Jeff Sessions’s “geographical advantage”

The first round of the Alabama Senate primary did not go well for Jeff Sessions. Few expected the former Senator to win a majority in the first round, given the crowded field. But Sessions didn’t even win a plurality. Former Auburn football coach Tommy Tuberville outpolled Sessions, 33.4 to 31.6.

On its face, this result suggested that the runoff race between Tuberville and Sessions would be a tossup. However, I thought that, with Tuberville now a more than credible candidate, President Trump would weigh in on his side, thus tilting the race to the old ball coach.

Trump wasted no time weighing in. Of Sessions, he tweeted:

This is what happens to someone who loyally gets appointed Attorney General of the United States & then doesn’t have the wisdom or courage to stare down & end the phony Russia Witch Hunt. Recuses himself on FIRST DAY in office, and the Mueller Scam begins.

Not for the first time, Trump got the facts wrong. Sessions did not recuse himself on his first day in office. He took office in early February 2017. He did not recuse himself until the beginning of March, and did so only after being advised by the DOJ’s ethics office, correctly in my view, that he should do so. I discussed Sessions’s recusal in detail here and here.

But facts aren’t the point in the context of this election. Trump’s attack on Sessions is the point.

Fortunately for Sessions, he may have a geographical advantage in the runoff election. Quin Hillyer, an Alabaman and long-time student of Alabama politics, explains:

There will be two and only two contested Republican runoffs for congressional seats on March 31. There are no runoffs in the 3rd through the 7th congressional districts and few local races to drive turnout. But, in both the 1st District and the 2nd District, the runoffs promise to feature hot and heavy campaigning and massive turnout efforts by their respective candidates.

The 1st District, in southwestern Alabama, is the home territory for both Sessions and third-place Senate contestant Bradley Byrne, the outgoing congressman from the district. In the March 3 primary, Byrne finished first in each county in the district, Sessions a reasonably close second, and Tuberville a distant third.

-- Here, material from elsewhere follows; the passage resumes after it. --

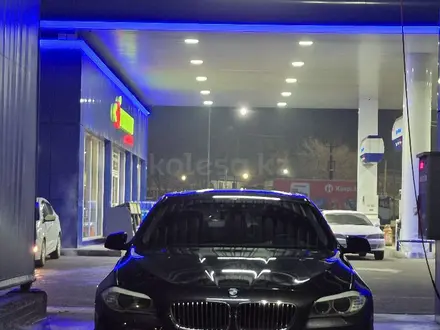 BMW 528 2010 года за 9 300 000 тг. в Алматы – фото 13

In the 2nd District, in southeastern Alabama, Sessions carried 10 of the 13 counties, including the population centers, and came in second in the other three (two to Tuberville, one to Byrne), each of them lightly populated.

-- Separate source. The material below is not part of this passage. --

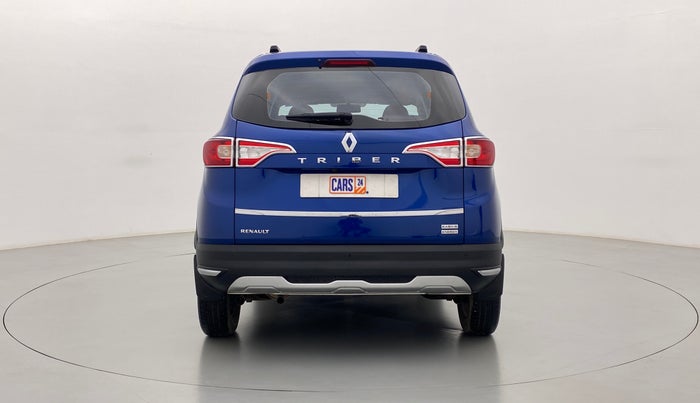 2020 Renault TRIBER RXZ AT, Petrol, Automatic, 21,413 km, Back/Rear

Sessions also finished well ahead of Tuberville (with more than twice Tuberville’s vote total) in the only other county Byrne carried, the one containing the city of Huntsville, in which a highly educated electorate tends to vote more regularly no matter what races are on the ballot.In sum, the heavy voter turnout in the runoff will certainly be in those parts of the state where Sessions is strongest.

Hillyer doesn’t contend that this geographical advantage makes Sessions the favorite in the runoff. The Trump factor is probably enough to make Tuberville the favorite.

However, geography gives Sessions what Hillyer calls “a fighting chance.” To capitalize on that chance, Sessions will need to “run a savvy and energetic campaign.”